Backcountry Advisory 

For the areas adjacent to the Whistler-Blackcomb ski area

As of Wednesday, Jan. 29, 2003

Cool temperatures in the wake of the messy warm weather system last Sunday have left a variable rain crust to ridge top. The hard bed surface from treeline into the alpine is expected to be buried by snowfall this Wednesday. Another low pressure system is forecast for Friday.

Temperatures through this series of storms are expected to warm slightly with each passing front. This pattern could result in denser windslabs lying over loose snow on the hard Jan. 28 crust. Pockets of windslab are already forming in lee pockets in the alpine.
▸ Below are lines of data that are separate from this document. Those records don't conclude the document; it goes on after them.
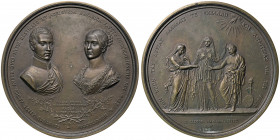 MODENA Francesco V (1846-1859) Medaglia 1842 Matrimonio del principe ereditario con la principessa Aldegonda Augusta Carolina di Baviera celebrato a M...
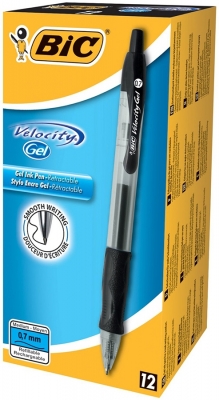 Roller Velocity Gel 0.7 mm negru, 12 buc/cutie Bic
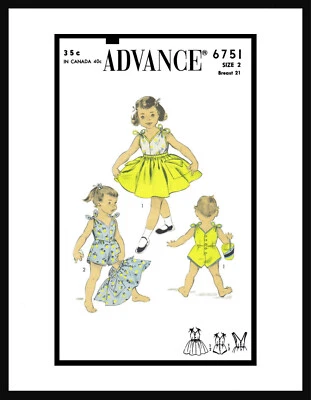 Advance # 6751 Sewing Pattern GIRLS Doll Playsuit Sunsuit & Skirt Sz 2 ADORABLE! - Image 1 of 4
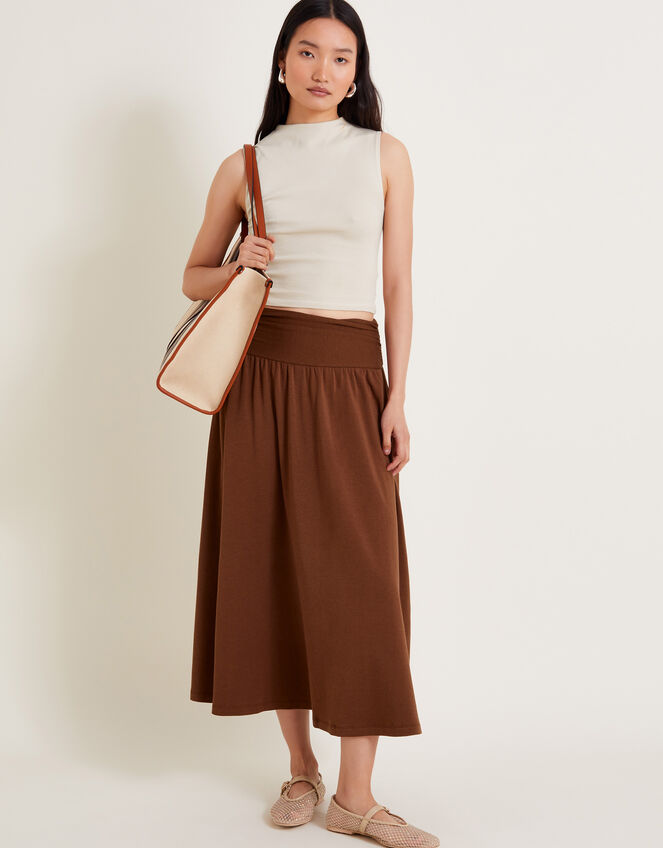 Jourdana Jersey Midi Skirt, Brown (BROWN), large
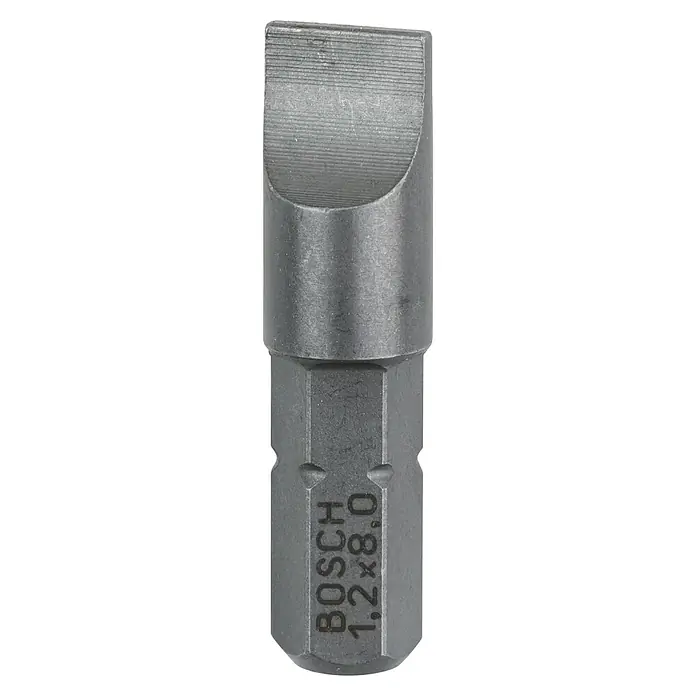 Bosch Punta Extra Hard E - S 1,2 x 8, 25 mm, 3 ud. - Punta de destornillador de ranura Bosch 1,2x8,0 mm, ideal para atornillar en madera y metal. Diseño robusto para larga vida útil.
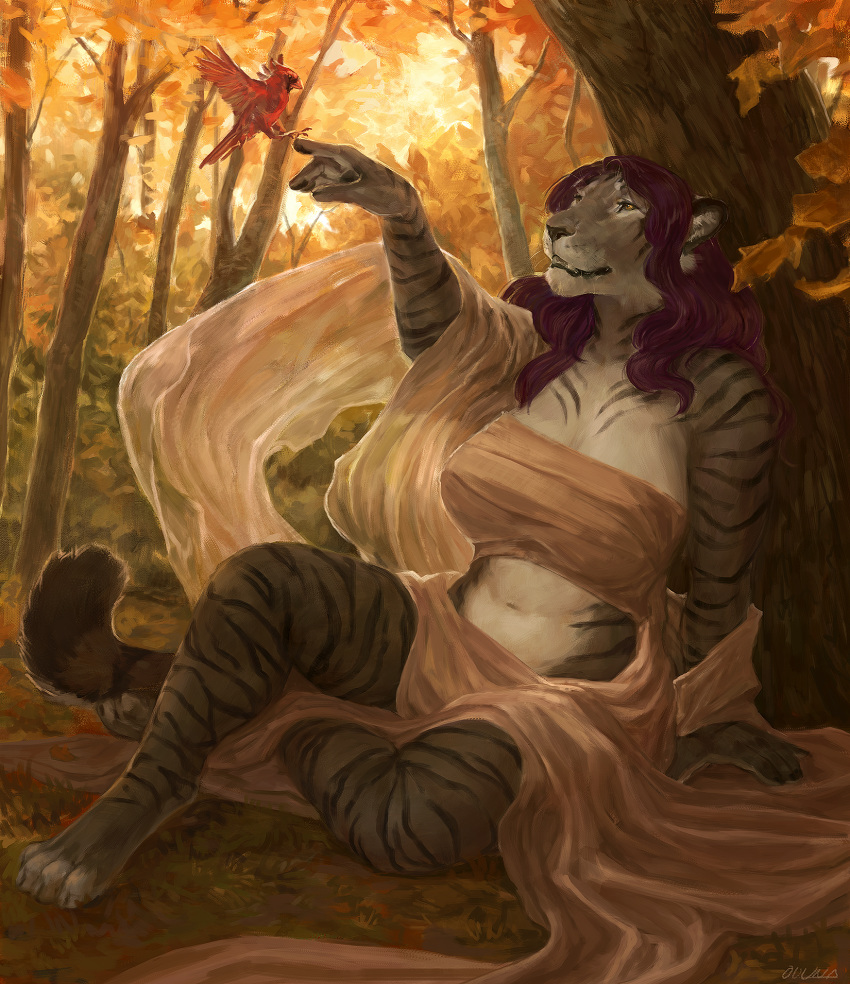 anthro autumn avian bird breasts cardinal_(bird) clothed clothing day feline female forest fur gemma_ssasen hair long_hair mammal midriff navel oouna outside purple_hair raised_arm sitting solo striped_fur stripes tiger tree whiskers white_belly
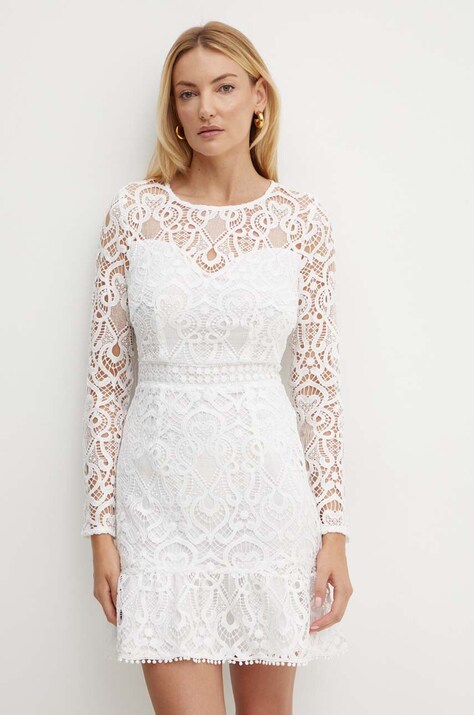 Morgan rochie RILLE culoarea alb, mini, mulată, RILLE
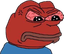 Pepe the Frog with a bright red face and angry, bloodshot eyes.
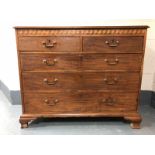 A George III inlaid mahogany secretaire chest, width 93 cm.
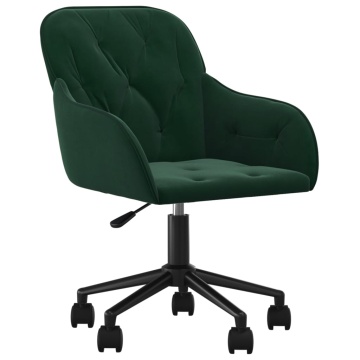 Scaun de birou pivotant, verde închis, catifea - Img 2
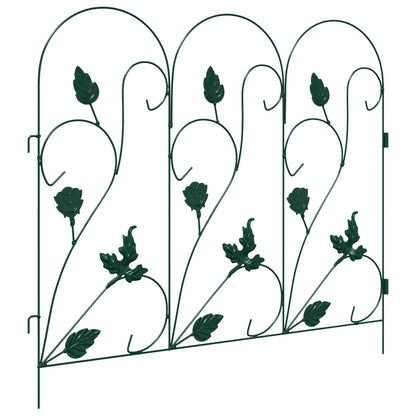 Garden Fence 5 pcs Green Steel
These "upside down" slabs can produce skier-triggered avalanches. The hard bed surface can result in these slab avalanches running far. This, combined with the lack of good snow cover (especially at lower elevations) makes many runouts potentially more hazardous.

At the ridge tops cornices are large, drooping, and in many cases already cracked and ready to fall. A large cornice failure could trigger some of the buried brittle persistent crust and/or surface hoar and facet weaknesses, if a ride on a pile of huge cornice blocks is not threatening enough.

Bridges over crevasses and bergschrunds are also suspect after the recent rains and should be carefully considered when travelling on glaciers.

The avalanche danger rating on the morning of Wednesday, Jan. 29 is MODERATE, however, the forecast is for that to change. Keep informed by dialling up the CAA Avalanche Bulletin at, check the Whistler-Blackcomb Web site at or call 604.938.7676.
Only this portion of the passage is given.